ASSIGNMENT
Only one stretch of the records below is wanted: the lines from the one holding "Addicted To You Addicted To You" through the one holding "Marcella Scrimitore Managerial". Return it exactly, both ends included.

TASK INPUTS
=-=-=

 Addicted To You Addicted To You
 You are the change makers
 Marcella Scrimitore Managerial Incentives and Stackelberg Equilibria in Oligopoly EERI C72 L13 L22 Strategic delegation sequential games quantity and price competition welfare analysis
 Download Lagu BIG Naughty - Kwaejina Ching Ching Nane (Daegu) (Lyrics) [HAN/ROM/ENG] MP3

=-=-=

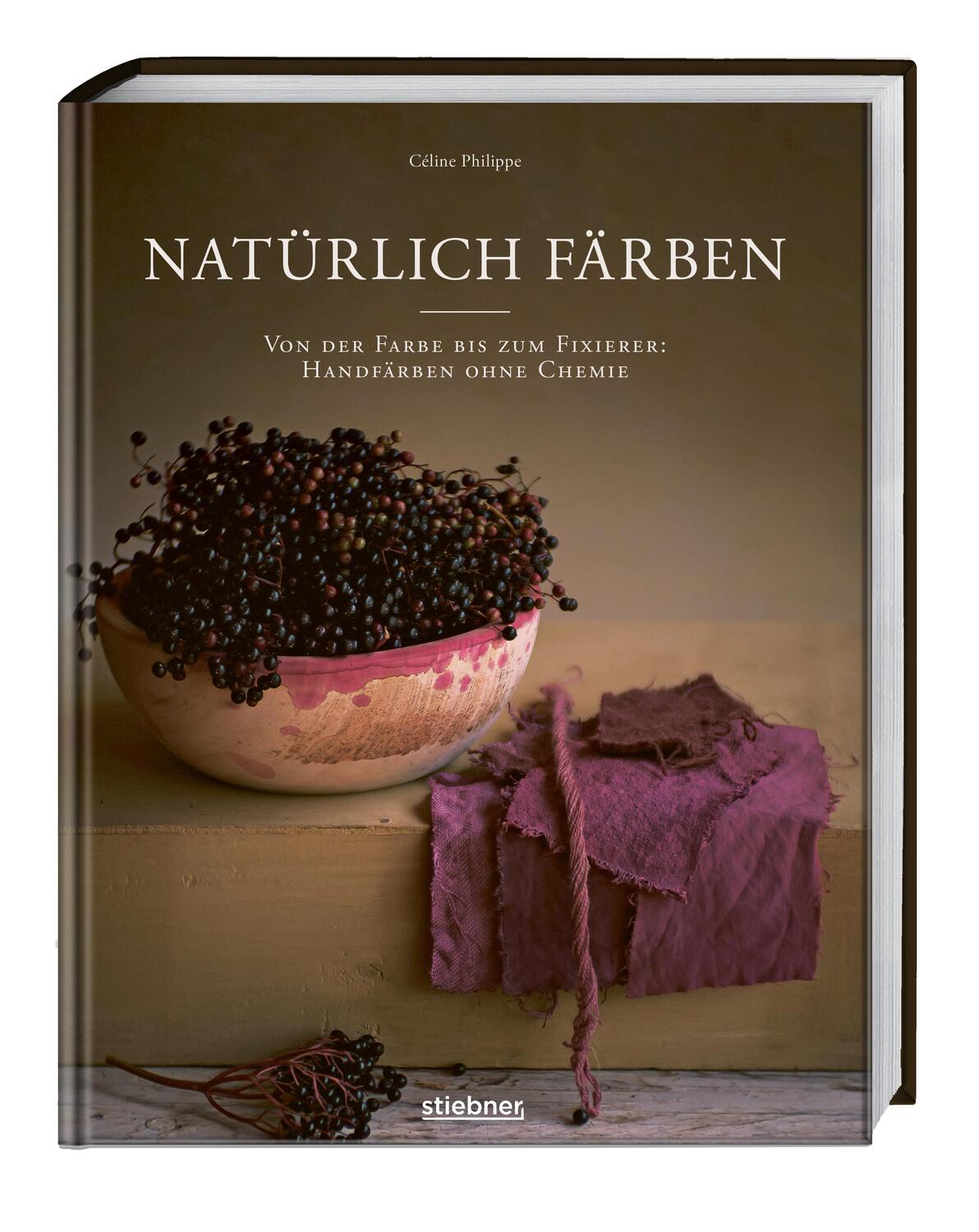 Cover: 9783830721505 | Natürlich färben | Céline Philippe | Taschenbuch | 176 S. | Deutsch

=-=-=

TASK SOLUTION
 Addicted To You Addicted To You
 You are the change makers
 Marcella Scrimitore Managerial Incentives and Stackelberg Equilibria in Oligopoly EERI C72 L13 L22 Strategic delegation sequential games quantity and price competition welfare analysis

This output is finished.